[Work request] Nothing but the lines from the one containing "футбол.клуб Терд Ланарк" through the last line of the records belongs in the answer, copied exactly and with the pictures left out.

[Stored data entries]

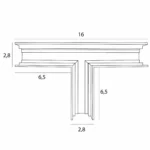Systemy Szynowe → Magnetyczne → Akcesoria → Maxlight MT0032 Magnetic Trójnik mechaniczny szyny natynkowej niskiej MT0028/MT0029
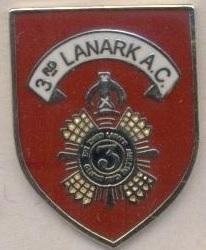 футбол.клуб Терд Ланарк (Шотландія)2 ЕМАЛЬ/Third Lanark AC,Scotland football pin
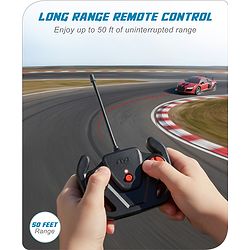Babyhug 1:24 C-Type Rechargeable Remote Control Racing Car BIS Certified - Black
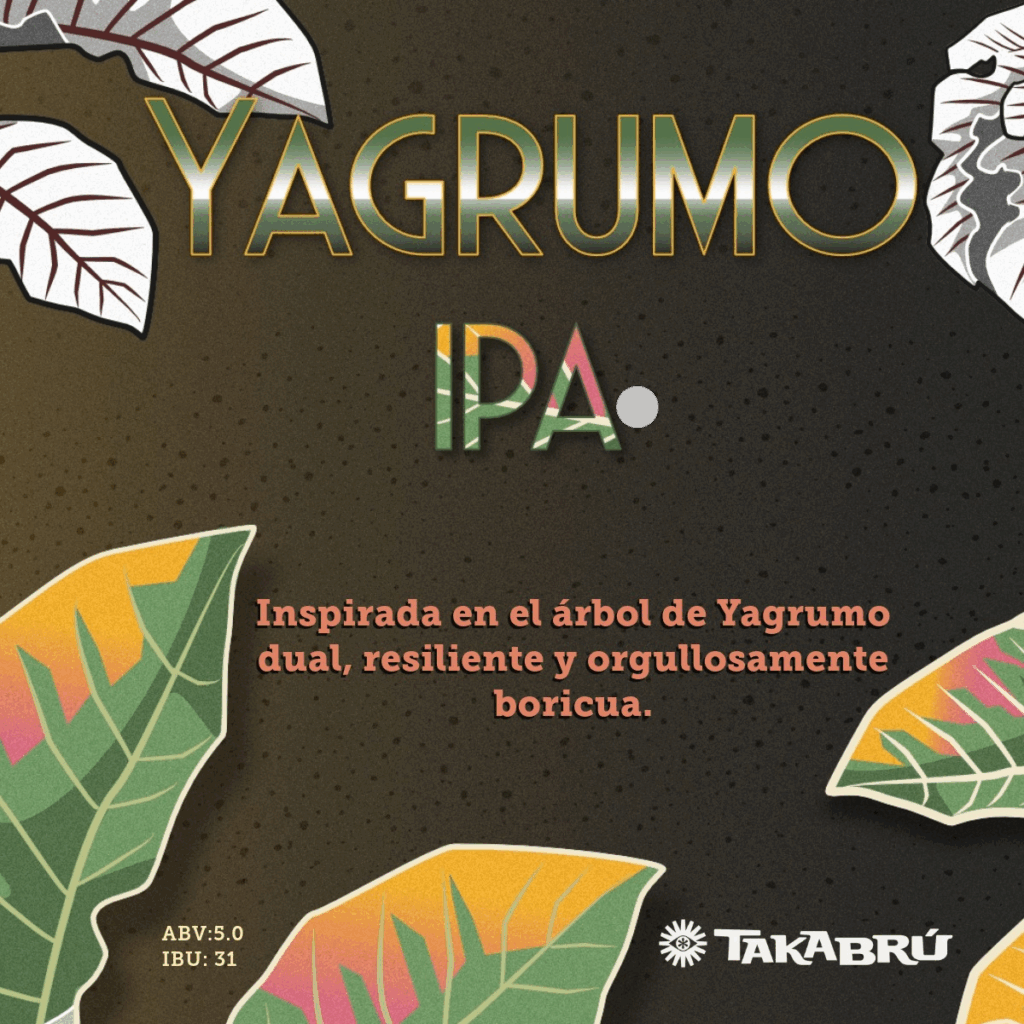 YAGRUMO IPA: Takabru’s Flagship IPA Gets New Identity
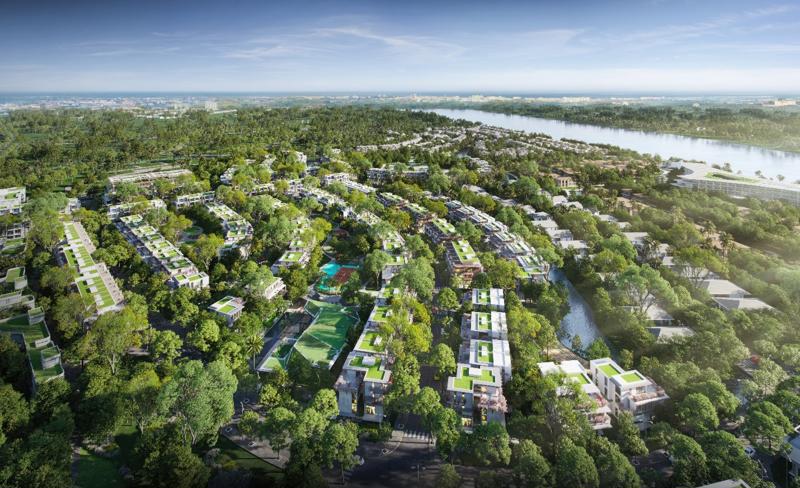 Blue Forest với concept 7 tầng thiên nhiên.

[Result of the task]
 футбол.клуб Терд Ланарк (Шотландія)2 ЕМАЛЬ/Third Lanark AC,Scotland football pin
Babyhug 1:24 C-Type Rechargeable Remote Control Racing Car BIS Certified - Black
 YAGRUMO IPA: Takabru’s Flagship IPA Gets New Identity
 Blue Forest với concept 7 tầng thiên nhiên.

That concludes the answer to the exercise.